There’s another way to perform undersampling by using Tomek Links in Python. Tomek Links identify the close opposite instances (case or observation) in the majority class and removes them to create an equivalence with the minority class (In the tech world, they use the term ‘Noise Reduction’ to address the same process). In simple words, each sample in the data class is classified and given different labels that have unique properties which allow comparison between different datasets. If these labels are less polluted or unique it becomes easier for the system to conduct the data training. Therefore, the Tomek Link method removes class labels, that are polluted to improve the data quality & accuracy.
Continuing with the same example, under over sample techniques we increase the size of minority/rare classes to create a balance if data is insufficient.
For example, we take the rare class with 3k data samples points and replicate the samples by 2.33%. This will bring in the balance between both rare and abundance classes, and the total data size would be 14K.
We can use SMOTE Synthetic Minority Over-sampling Technique in python to perform oversampling for imbalanced datasets.
It's a resampling technique where the entire data set is been divided into groups under a single parameter referred to as 'K'. The procedure is also called k-fold cross-validation. A specific value for k is been chosen that gets used in place of k in the reference to the model. for example, k=7 functions as 7-fold cross-validation. Under this technique, the datasets get shuffled and split into different data groups in order to conduct the data training or balance the classification to yield fair results.
Generally, we conduct or compare rare & abundant classes by 1:1 ratio for generalizing a model. Under Ensemble learning or Ensemble different resampled datasets technique samples or data points in the majority class are divided/changed into multiple data sets and aligned with minority class; based on these ratios system creates a test sample to conduct the analysis.

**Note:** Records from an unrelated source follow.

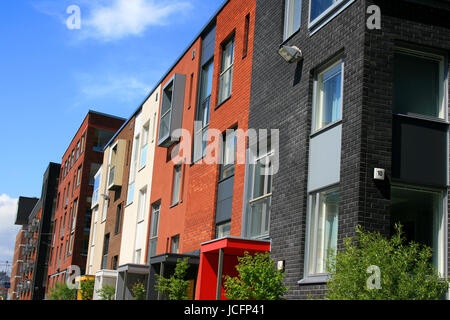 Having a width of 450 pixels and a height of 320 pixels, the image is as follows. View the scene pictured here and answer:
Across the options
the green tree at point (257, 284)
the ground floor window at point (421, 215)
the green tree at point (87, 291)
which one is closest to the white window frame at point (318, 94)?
the ground floor window at point (421, 215)

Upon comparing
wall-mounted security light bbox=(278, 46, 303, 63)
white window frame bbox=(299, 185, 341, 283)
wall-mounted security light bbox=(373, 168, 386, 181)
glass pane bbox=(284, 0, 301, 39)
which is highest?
glass pane bbox=(284, 0, 301, 39)

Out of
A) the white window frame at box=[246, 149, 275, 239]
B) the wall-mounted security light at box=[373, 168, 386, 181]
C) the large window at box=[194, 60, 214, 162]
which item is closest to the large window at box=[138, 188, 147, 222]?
the large window at box=[194, 60, 214, 162]

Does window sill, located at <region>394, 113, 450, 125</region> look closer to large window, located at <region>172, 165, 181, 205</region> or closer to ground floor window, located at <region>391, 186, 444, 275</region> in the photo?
ground floor window, located at <region>391, 186, 444, 275</region>

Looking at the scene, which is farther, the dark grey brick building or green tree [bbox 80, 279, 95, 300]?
green tree [bbox 80, 279, 95, 300]

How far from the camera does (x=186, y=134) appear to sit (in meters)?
24.0

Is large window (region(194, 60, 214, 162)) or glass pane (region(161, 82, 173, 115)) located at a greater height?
glass pane (region(161, 82, 173, 115))

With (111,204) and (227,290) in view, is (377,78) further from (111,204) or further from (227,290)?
(111,204)

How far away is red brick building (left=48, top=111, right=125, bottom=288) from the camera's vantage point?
51.2 m

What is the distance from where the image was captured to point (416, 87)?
12680 mm

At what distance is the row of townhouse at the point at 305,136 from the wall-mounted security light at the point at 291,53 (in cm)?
3

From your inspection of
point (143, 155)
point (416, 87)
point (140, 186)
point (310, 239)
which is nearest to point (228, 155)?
point (310, 239)

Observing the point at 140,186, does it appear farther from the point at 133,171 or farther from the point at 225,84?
the point at 225,84

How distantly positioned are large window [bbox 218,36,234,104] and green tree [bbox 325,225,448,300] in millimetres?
10492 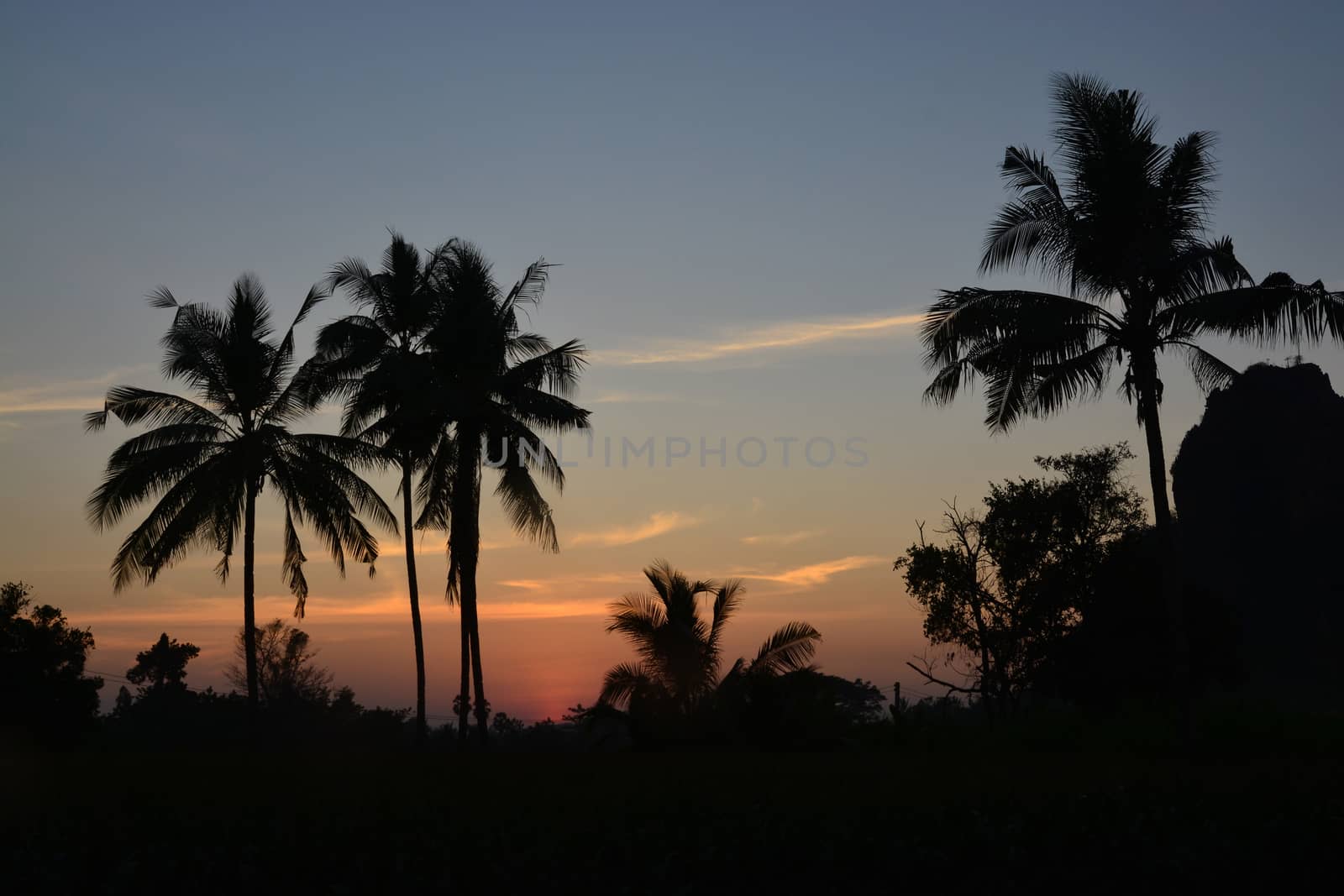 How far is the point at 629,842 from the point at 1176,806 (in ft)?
16.1

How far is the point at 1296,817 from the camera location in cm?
912

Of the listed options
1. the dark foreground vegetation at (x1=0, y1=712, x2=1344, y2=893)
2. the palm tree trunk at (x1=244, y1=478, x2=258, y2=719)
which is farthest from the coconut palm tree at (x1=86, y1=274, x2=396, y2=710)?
the dark foreground vegetation at (x1=0, y1=712, x2=1344, y2=893)

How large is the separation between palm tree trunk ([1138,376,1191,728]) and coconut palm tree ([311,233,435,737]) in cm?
1544

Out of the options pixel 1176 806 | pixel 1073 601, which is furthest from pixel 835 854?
pixel 1073 601

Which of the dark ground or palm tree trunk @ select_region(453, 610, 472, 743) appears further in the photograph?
palm tree trunk @ select_region(453, 610, 472, 743)

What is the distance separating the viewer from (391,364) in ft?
86.3

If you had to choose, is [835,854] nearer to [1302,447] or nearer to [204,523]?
[204,523]

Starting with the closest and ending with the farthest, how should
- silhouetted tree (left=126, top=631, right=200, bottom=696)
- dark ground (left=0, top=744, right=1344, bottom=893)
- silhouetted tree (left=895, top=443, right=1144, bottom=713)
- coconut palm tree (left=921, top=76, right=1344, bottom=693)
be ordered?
1. dark ground (left=0, top=744, right=1344, bottom=893)
2. coconut palm tree (left=921, top=76, right=1344, bottom=693)
3. silhouetted tree (left=895, top=443, right=1144, bottom=713)
4. silhouetted tree (left=126, top=631, right=200, bottom=696)

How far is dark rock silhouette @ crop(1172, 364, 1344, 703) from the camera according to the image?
3578 inches

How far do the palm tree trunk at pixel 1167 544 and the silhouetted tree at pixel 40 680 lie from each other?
112 ft

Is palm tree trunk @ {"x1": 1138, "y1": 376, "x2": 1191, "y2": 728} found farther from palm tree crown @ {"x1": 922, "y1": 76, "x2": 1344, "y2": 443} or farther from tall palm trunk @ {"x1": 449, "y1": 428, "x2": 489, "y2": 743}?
tall palm trunk @ {"x1": 449, "y1": 428, "x2": 489, "y2": 743}

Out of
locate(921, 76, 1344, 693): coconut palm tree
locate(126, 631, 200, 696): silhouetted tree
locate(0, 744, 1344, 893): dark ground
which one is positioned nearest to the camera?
locate(0, 744, 1344, 893): dark ground

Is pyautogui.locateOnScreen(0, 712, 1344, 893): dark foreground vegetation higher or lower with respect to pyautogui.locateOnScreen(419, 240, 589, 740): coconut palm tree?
lower

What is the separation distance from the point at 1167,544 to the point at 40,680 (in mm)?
35200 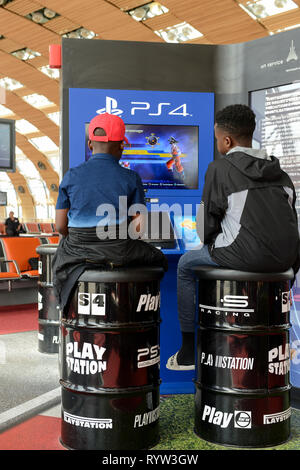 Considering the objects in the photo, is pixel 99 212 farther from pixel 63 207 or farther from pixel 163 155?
pixel 163 155

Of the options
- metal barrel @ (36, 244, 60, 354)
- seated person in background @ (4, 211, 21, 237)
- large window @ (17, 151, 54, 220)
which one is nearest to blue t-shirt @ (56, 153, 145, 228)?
metal barrel @ (36, 244, 60, 354)

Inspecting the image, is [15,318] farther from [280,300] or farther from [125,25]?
[125,25]

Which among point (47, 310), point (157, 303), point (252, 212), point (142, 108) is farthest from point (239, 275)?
point (47, 310)

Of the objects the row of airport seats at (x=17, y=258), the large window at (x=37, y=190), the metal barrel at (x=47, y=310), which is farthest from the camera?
the large window at (x=37, y=190)

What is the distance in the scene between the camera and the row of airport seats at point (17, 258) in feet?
24.1

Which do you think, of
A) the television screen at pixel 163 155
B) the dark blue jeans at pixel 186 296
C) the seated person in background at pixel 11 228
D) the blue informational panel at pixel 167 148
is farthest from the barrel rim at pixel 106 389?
the seated person in background at pixel 11 228

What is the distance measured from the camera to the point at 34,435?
2906mm

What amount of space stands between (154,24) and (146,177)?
10.8 m

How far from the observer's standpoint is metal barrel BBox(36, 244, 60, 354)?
5012mm

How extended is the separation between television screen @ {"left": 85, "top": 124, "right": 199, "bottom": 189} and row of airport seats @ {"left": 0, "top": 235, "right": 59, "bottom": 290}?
396cm

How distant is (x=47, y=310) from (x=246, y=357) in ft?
9.53

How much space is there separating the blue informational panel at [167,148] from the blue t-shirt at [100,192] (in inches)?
46.2

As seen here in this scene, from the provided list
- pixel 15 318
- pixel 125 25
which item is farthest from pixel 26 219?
pixel 15 318

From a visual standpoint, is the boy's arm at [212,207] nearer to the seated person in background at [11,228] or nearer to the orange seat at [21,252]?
the orange seat at [21,252] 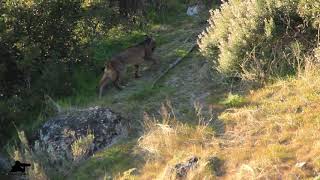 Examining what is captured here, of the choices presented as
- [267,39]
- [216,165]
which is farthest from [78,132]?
[267,39]

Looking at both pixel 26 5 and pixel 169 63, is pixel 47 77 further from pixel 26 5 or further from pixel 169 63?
pixel 169 63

For example, the majority class has 10k data points, and the rare class has 2k data points. The data samples in the majority class would be changed/divided into 5 different data samples carrying 2k data points in each class. And each of these samples from the majority class would be put across with 2k data points from the rare class to generate a new sample. so, instead of making an equation of 5:1 (abundant: rare), there are 5 more sample sets are being created of 1:1.